DESCRIPTION OF THE TASK >> Go through the entries below and print, exactly, the lines starting at the one with "3.Nursing Practice" and ending at the one with "次子中韵（元末明初·王翰）释义及解释", keeping both ends and no others.
++++ MATERIAL PROVIDED ++++
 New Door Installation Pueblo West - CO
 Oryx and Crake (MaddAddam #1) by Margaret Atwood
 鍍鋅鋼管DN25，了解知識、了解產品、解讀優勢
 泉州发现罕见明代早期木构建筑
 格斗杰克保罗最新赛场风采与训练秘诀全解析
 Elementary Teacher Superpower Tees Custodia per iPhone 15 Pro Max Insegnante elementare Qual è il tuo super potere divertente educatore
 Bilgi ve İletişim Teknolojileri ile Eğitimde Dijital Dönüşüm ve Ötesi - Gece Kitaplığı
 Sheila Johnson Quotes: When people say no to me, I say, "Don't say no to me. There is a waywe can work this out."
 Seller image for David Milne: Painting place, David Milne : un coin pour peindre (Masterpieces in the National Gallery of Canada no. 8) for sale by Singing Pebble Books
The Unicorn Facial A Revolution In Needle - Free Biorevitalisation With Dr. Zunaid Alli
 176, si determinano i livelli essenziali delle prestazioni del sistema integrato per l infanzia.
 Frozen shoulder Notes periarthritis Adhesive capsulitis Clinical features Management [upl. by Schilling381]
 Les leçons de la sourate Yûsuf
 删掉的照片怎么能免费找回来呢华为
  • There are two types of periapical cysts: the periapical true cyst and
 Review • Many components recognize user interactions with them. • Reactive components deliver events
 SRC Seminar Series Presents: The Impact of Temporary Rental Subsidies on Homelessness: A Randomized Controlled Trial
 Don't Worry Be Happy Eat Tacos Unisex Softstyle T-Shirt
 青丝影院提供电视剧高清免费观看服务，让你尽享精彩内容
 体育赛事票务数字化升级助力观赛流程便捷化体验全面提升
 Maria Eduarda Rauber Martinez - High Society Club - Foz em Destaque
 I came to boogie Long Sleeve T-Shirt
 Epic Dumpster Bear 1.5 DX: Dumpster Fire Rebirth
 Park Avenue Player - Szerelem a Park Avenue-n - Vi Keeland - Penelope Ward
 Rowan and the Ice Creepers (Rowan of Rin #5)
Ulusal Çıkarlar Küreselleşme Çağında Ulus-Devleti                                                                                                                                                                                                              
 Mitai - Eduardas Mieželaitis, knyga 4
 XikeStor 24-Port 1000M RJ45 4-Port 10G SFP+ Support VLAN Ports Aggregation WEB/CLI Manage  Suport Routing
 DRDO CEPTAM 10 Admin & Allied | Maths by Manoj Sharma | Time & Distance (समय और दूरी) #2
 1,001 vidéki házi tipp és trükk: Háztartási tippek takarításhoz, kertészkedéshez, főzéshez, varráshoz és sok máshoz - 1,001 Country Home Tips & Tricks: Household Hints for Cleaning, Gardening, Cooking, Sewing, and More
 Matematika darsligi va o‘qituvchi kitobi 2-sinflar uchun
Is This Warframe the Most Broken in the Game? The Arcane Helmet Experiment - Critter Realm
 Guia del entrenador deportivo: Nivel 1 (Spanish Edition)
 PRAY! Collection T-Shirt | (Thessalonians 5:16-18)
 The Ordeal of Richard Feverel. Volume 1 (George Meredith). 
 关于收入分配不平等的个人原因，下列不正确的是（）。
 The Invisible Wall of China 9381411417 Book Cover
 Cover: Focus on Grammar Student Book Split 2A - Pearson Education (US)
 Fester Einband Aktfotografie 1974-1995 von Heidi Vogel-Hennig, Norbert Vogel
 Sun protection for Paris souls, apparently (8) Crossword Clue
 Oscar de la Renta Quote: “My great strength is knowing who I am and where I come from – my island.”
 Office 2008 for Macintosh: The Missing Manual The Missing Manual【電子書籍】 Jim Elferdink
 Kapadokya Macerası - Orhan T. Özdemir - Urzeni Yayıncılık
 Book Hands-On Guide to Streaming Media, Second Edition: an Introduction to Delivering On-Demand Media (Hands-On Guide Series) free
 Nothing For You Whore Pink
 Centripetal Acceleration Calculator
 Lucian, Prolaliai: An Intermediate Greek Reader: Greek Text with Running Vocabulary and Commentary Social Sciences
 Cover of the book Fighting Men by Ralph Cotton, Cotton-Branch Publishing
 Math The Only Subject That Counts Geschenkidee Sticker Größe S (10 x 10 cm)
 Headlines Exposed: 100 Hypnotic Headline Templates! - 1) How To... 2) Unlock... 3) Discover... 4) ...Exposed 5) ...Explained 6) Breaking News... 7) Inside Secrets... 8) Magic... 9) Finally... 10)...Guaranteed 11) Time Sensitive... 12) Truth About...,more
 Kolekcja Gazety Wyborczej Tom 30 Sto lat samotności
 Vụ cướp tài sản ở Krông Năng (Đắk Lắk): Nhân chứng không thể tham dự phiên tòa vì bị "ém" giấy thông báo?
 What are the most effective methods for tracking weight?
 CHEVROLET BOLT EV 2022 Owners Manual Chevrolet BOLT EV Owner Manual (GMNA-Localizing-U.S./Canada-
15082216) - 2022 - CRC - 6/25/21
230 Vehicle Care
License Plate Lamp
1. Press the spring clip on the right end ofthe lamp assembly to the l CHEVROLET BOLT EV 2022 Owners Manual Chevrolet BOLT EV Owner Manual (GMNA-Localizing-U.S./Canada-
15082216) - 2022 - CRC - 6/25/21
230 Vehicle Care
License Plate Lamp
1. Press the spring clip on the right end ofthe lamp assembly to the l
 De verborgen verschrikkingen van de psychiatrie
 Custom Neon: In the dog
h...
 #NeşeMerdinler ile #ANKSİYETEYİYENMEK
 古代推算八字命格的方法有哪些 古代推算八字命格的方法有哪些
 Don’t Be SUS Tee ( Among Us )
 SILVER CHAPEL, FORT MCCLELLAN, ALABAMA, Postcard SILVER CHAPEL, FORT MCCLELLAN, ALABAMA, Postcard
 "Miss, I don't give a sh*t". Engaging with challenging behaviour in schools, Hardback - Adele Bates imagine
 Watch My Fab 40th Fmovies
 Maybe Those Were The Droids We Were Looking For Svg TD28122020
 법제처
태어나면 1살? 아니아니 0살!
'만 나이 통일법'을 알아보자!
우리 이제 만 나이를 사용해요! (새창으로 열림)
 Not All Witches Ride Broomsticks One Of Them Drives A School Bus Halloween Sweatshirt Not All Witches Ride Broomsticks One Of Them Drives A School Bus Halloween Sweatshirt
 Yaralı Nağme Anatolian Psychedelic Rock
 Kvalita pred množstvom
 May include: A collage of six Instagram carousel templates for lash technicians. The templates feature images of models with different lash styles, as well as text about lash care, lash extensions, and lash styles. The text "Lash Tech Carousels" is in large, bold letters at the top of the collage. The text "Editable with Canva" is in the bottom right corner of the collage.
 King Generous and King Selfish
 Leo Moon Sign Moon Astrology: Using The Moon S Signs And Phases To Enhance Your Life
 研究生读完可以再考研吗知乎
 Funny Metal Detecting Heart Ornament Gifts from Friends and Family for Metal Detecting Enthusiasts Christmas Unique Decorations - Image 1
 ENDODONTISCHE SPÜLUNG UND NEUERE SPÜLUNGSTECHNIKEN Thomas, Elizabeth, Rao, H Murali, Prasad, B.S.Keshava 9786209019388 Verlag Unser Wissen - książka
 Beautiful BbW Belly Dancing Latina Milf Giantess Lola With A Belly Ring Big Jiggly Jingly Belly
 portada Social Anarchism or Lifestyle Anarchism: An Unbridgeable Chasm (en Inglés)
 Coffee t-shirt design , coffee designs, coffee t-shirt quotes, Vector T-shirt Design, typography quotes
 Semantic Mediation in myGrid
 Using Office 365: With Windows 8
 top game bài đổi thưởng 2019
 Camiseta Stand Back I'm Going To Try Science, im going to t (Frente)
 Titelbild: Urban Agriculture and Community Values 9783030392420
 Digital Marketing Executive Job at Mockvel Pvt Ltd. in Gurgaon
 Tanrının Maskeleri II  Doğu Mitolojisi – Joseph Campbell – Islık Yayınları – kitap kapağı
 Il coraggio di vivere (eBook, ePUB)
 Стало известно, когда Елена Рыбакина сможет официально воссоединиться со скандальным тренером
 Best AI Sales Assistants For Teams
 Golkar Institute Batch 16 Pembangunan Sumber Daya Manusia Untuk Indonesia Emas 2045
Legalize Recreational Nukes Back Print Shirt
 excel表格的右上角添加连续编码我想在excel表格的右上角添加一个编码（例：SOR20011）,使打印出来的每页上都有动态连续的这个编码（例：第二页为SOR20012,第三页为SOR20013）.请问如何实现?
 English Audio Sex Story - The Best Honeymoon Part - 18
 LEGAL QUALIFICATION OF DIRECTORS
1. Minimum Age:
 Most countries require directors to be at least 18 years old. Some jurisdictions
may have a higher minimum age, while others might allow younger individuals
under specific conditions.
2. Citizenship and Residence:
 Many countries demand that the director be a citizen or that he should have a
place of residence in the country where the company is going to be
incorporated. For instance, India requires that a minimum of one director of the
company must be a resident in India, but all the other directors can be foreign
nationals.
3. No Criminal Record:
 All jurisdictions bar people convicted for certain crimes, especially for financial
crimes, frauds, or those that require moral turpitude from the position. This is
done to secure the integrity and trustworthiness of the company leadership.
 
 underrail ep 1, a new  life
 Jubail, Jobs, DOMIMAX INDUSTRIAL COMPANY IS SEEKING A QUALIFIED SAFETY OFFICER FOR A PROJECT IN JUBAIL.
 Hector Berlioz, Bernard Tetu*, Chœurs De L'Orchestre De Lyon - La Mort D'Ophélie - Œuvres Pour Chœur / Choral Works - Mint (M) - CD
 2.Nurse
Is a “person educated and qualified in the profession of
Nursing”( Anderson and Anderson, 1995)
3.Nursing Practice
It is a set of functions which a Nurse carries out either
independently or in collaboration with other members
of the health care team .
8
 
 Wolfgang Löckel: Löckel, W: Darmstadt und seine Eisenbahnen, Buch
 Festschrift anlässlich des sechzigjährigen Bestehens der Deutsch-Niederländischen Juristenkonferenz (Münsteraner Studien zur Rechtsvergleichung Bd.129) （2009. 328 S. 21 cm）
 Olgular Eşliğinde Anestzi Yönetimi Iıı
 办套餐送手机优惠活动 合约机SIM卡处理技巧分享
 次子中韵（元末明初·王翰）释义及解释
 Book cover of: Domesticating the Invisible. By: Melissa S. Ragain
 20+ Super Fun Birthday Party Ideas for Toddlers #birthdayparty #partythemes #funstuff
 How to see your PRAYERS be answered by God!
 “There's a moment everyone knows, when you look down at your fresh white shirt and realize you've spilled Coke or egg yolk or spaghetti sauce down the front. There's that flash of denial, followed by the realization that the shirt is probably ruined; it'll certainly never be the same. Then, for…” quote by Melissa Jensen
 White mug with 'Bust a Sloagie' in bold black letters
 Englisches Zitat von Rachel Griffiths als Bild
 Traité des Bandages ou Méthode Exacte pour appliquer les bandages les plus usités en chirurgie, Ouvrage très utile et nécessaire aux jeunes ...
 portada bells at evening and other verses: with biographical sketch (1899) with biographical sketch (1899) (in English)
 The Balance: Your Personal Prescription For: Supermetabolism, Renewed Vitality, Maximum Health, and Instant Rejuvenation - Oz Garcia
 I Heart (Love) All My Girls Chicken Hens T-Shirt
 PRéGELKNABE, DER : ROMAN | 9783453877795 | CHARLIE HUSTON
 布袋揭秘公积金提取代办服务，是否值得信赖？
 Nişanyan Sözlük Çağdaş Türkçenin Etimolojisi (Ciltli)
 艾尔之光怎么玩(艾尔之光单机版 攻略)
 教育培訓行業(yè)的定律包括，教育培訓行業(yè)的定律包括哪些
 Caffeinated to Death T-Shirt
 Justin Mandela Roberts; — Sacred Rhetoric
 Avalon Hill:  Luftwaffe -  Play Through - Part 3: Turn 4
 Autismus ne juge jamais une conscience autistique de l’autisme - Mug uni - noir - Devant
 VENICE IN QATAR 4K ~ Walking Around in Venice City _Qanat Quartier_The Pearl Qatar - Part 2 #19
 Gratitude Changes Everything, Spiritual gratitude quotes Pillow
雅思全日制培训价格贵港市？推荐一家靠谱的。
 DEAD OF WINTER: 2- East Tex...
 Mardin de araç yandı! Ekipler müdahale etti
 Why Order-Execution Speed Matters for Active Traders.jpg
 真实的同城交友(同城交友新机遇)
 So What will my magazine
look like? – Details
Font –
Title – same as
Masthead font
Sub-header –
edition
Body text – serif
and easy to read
++++
REPLY TO THE EXERCISE >>
3.Nursing Practice
It is a set of functions which a Nurse carries out either
independently or in collaboration with other members
of the health care team .
8
 
 Wolfgang Löckel: Löckel, W: Darmstadt und seine Eisenbahnen, Buch
 Festschrift anlässlich des sechzigjährigen Bestehens der Deutsch-Niederländischen Juristenkonferenz (Münsteraner Studien zur Rechtsvergleichung Bd.129) （2009. 328 S. 21 cm）
 Olgular Eşliğinde Anestzi Yönetimi Iıı
 办套餐送手机优惠活动 合约机SIM卡处理技巧分享
 次子中韵（元末明初·王翰）释义及解释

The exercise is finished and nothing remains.